** Records shown follows **

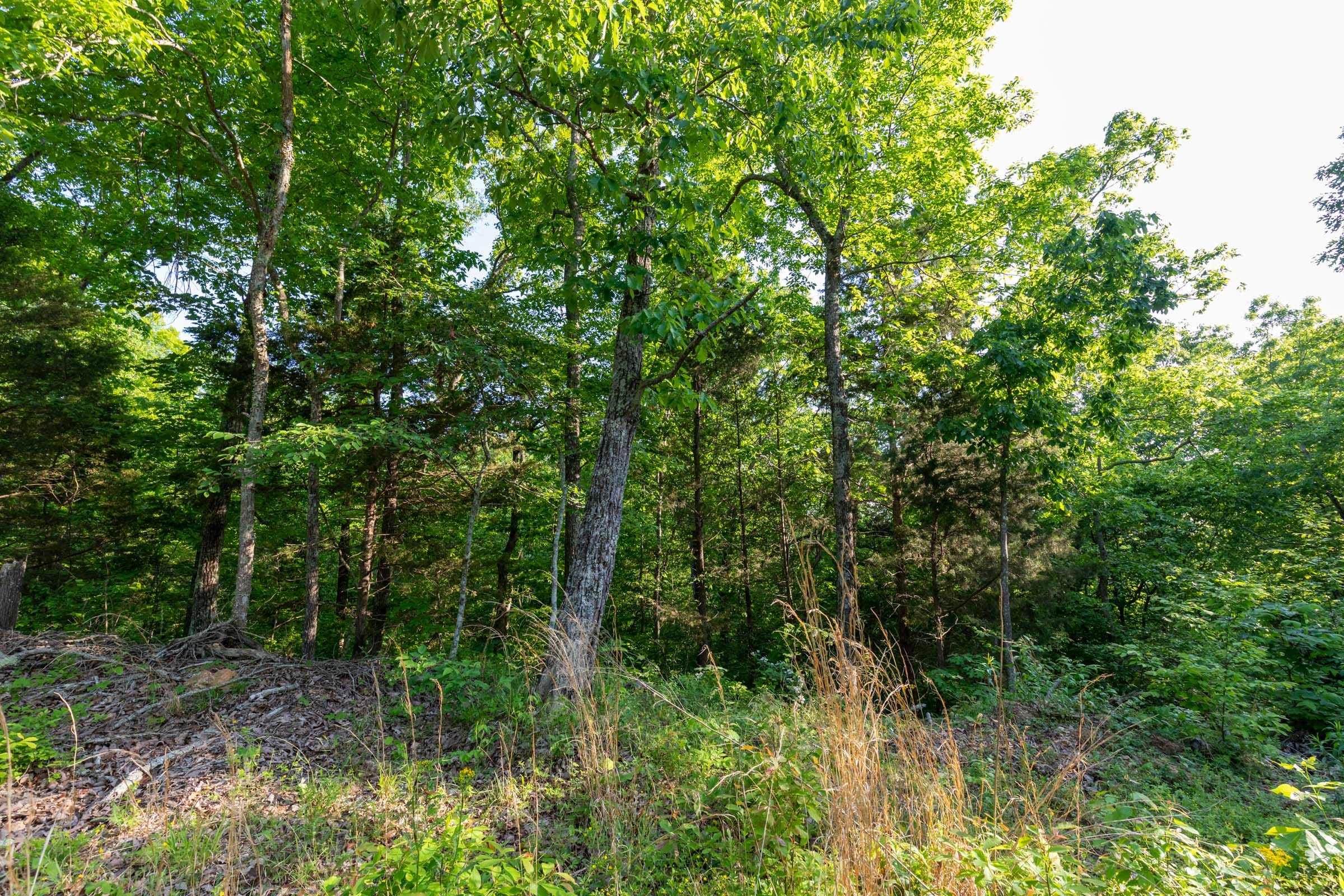 Cedar Creek Tract 58 photo 3
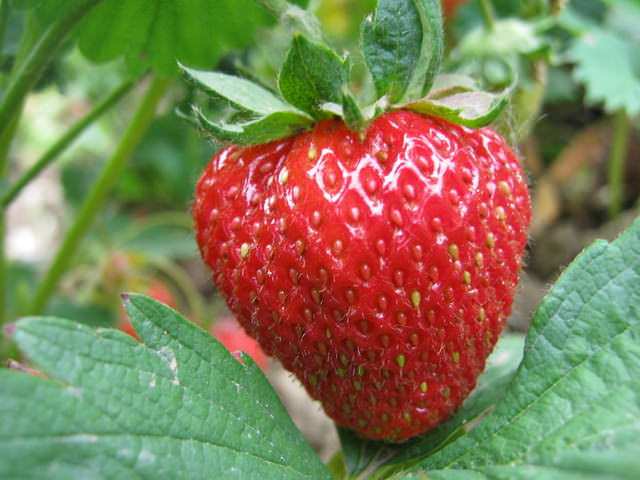 Садоводывыращивают этот сорт для реализации в торговых точках, потому что ягоды долго лежат и не портятся, а также отлично подходят для транспортировки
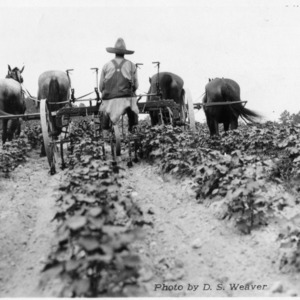 Man working horse-powered two-row cotton cultivator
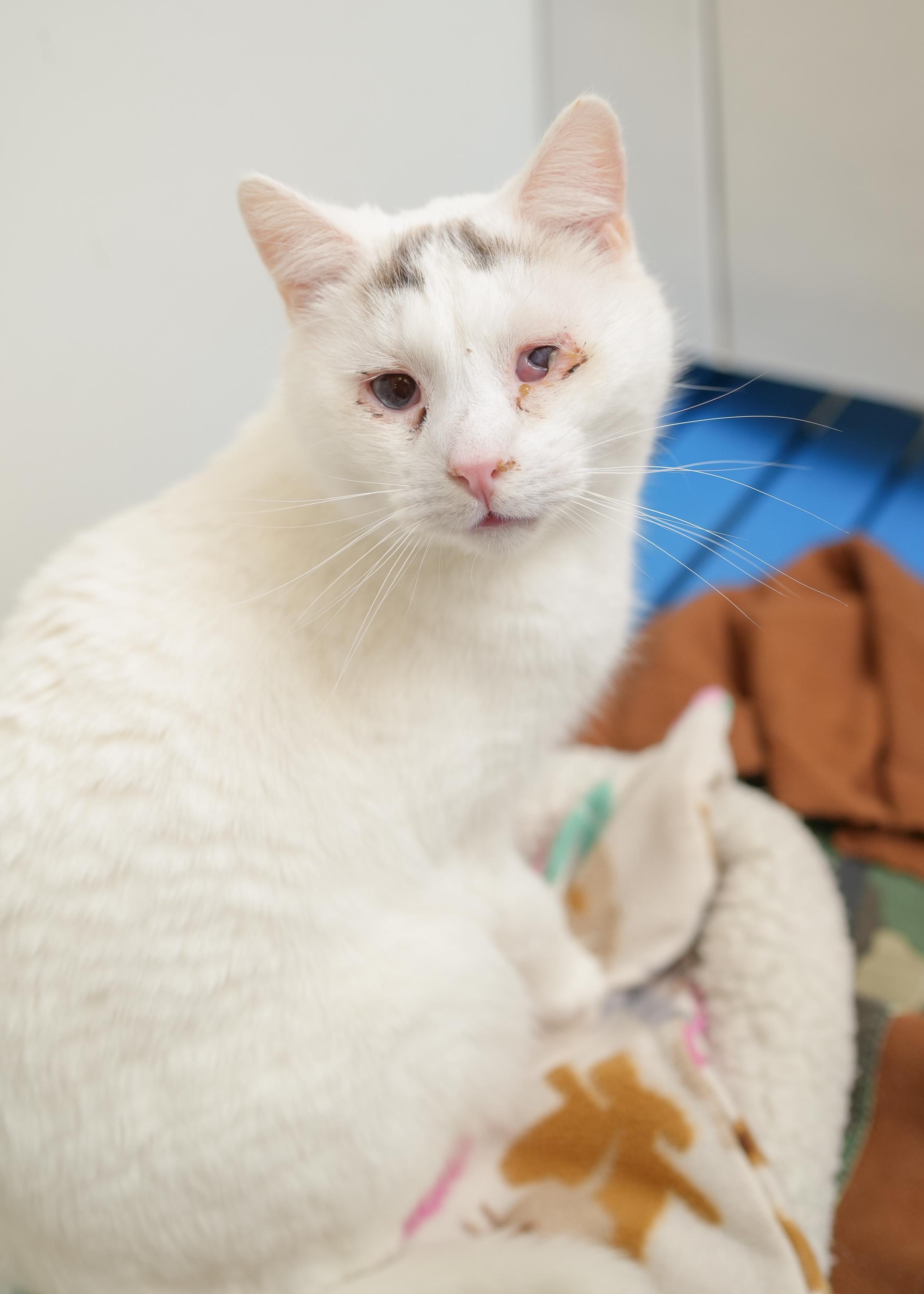 Laven, ADOPTABLE, Adult Male Domestic Short Hair.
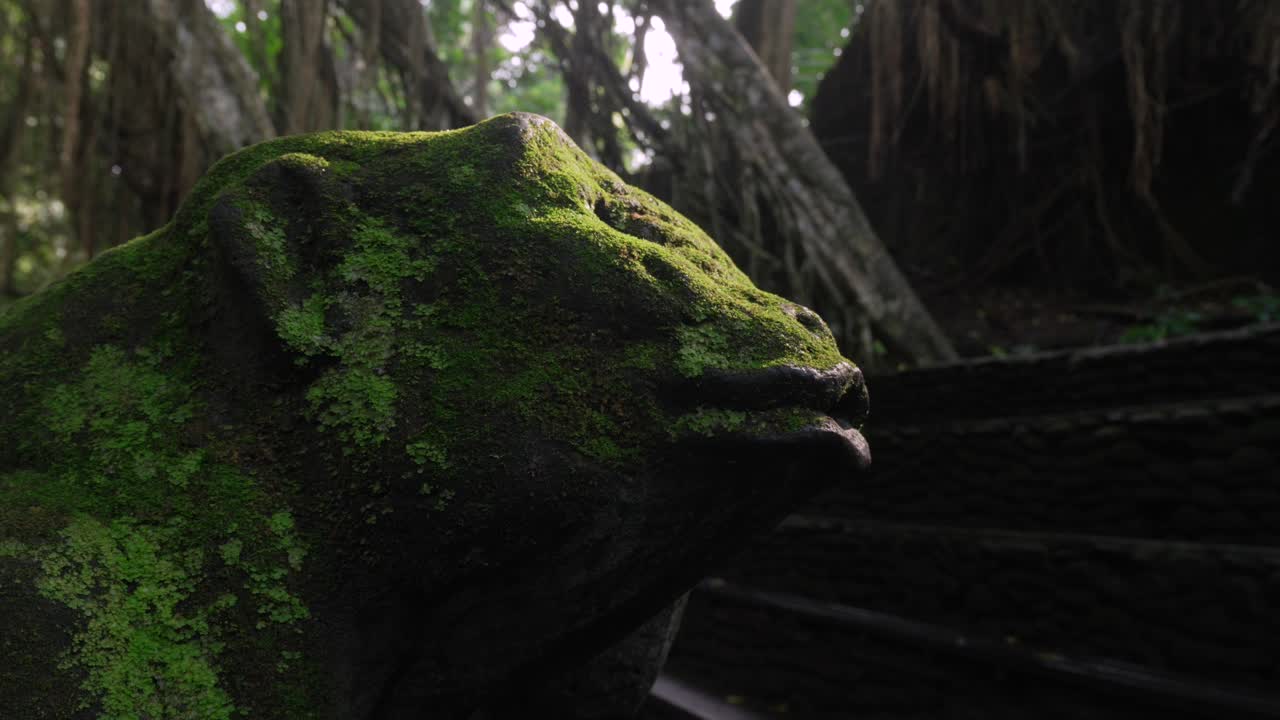 Stone statue wildlife covered in moss old Bali Monkey forest Ubud Indonesia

** End of Records shown **

__What the task requires__: Retype the listing exactly. Pictures do not belong in the copy.

__Result of this exercise__:
 Cedar Creek Tract 58 photo 3
 Садоводывыращивают этот сорт для реализации в торговых точках, потому что ягоды долго лежат и не портятся, а также отлично подходят для транспортировки
 Man working horse-powered two-row cotton cultivator
 Laven, ADOPTABLE, Adult Male Domestic Short Hair.
 Stone statue wildlife covered in moss old Bali Monkey forest Ubud Indonesia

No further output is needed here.